_What the task asks_
Leave the pictures out and print, word for word, the lines below from the one with "Sharagano Blue Textured" through the final line.

_Data shown_
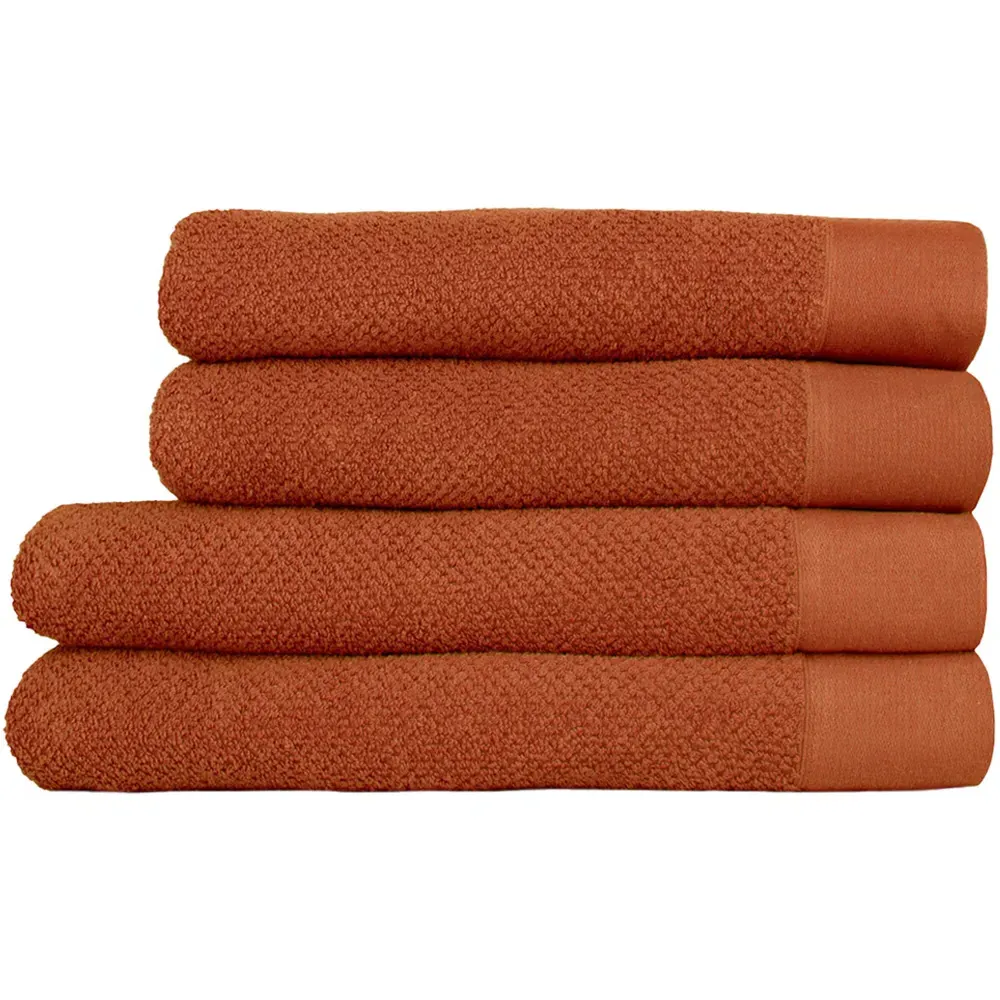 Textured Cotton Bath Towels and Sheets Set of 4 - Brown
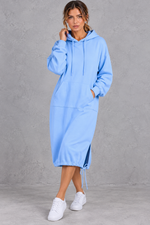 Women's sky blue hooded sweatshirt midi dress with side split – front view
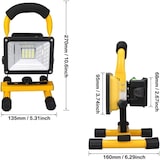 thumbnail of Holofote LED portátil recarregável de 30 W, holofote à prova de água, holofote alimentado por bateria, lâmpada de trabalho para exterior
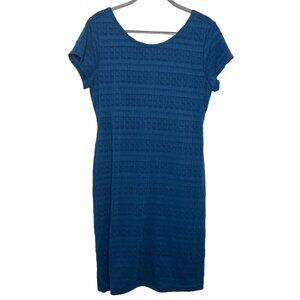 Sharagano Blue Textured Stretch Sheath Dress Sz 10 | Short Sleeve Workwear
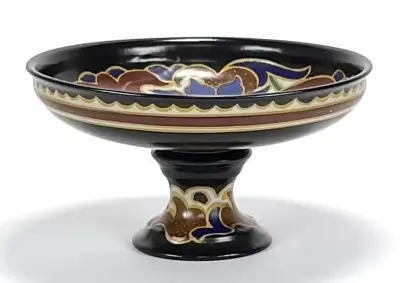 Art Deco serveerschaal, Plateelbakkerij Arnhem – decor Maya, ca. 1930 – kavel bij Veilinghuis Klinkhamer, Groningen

_Answer section_
 Sharagano Blue Textured Stretch Sheath Dress Sz 10 | Short Sleeve Workwear
 Art Deco serveerschaal, Plateelbakkerij Arnhem – decor Maya, ca. 1930 – kavel bij Veilinghuis Klinkhamer, Groningen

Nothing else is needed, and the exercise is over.